[Python-3000] How will unicode get used?

Thu Sep 21 00:41:15 CEST 2006

Guido writes:
> > As far as I can tell, CPython on windows uses UTF-16 with code units.
> > Perhaps not intentionally, but by default (not throwing an error on
> > surrogates).
>
> This is intentional, to be compatible with the rest of that platform.
> Jython and IronPython do this too I believe.

The following code illustrates this:

>>> msg = u'The ancient greeks used the letter "\U00010143" for the number 5.'
>>> msg[35:-18]
u'"\U00010143"'
>>> greek_five = msg[36:-19]
>>> len(greek_five)
2
>>> greek_five[0]
u'\ud800'
>>> greek_five[1]
u'\udd43'

The single unicode character greek_five, when expressed as a string
in CPython has length of 2 and can be sliced into two separate
characters. In Jython, the code above will not work because Jython
doesn't currently support \U or extended unicode (but someday that
may change). I'm not sure about IronPython.

So if I understand Guido's point, he's saying that it is on purpose
that len(greek_five) == 2. That's useful for compatibility today
with the Java and Microsoft VM platforms. But it's not particularly
compatible with extended Unicode. (Technically it doesn't violate
any rules so long as it's clearly defined that a character in Python
is NOT the same as a unicode code point.)

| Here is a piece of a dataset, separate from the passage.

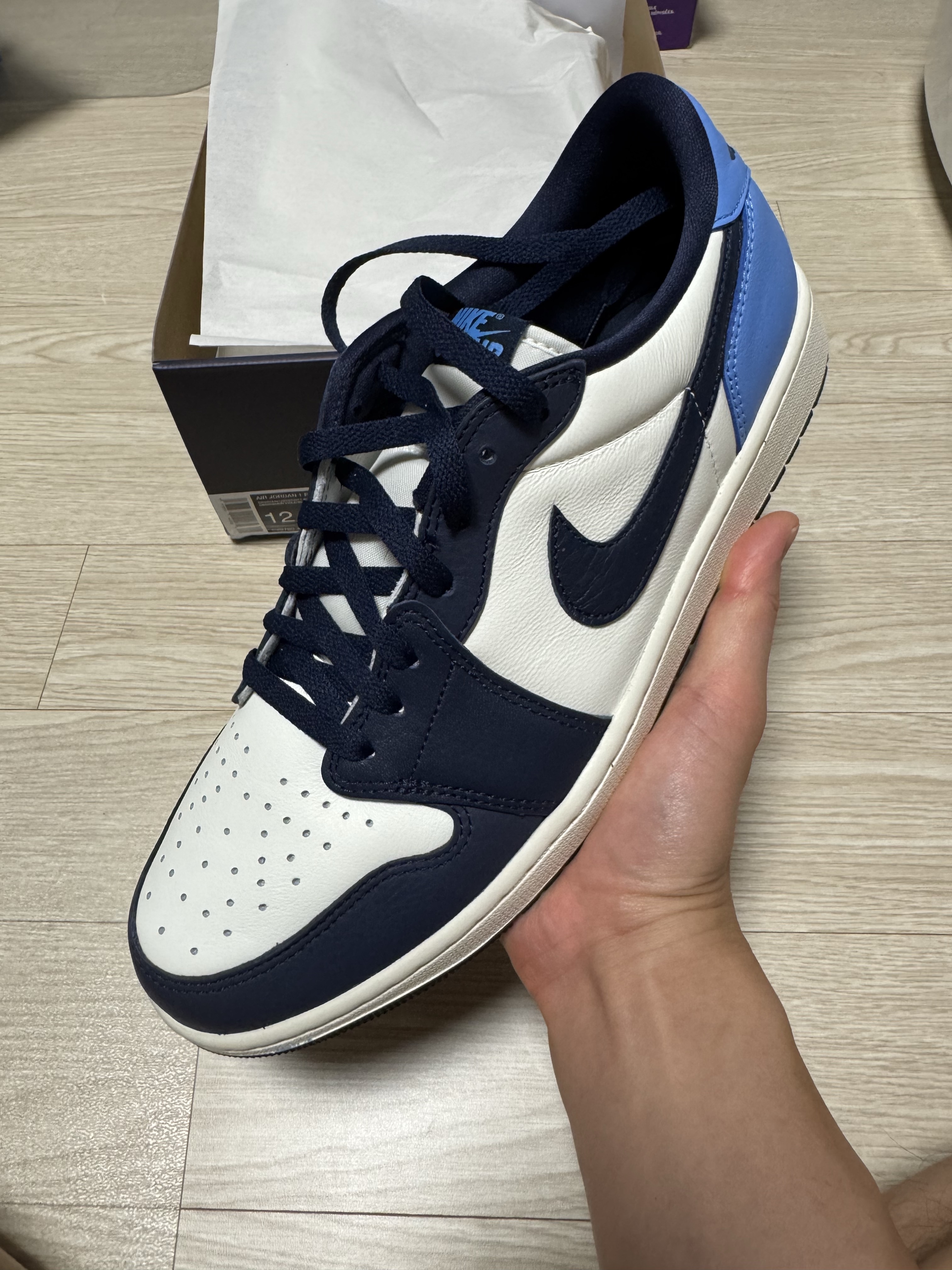 Jordan 1 Low Obsidian 착용 스타일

I wonder if it would be better to say that len(greek_five) is
undefined in Python. (And obviously slicing behavior follows from
len behavior.) There are excellent reasons for CPython to return
2 in the near future, but the far future is less clear. And the
Jython and Iron Python will be constrained by common sense to do
whatever their underlying platform does, even if that changes in
the future.

Designing these things would be a lot easier if we had a time
machine so we could go see how extended Unicode is used in practice
a decade or two from now.

Oh, wait....

-- Michael Chermside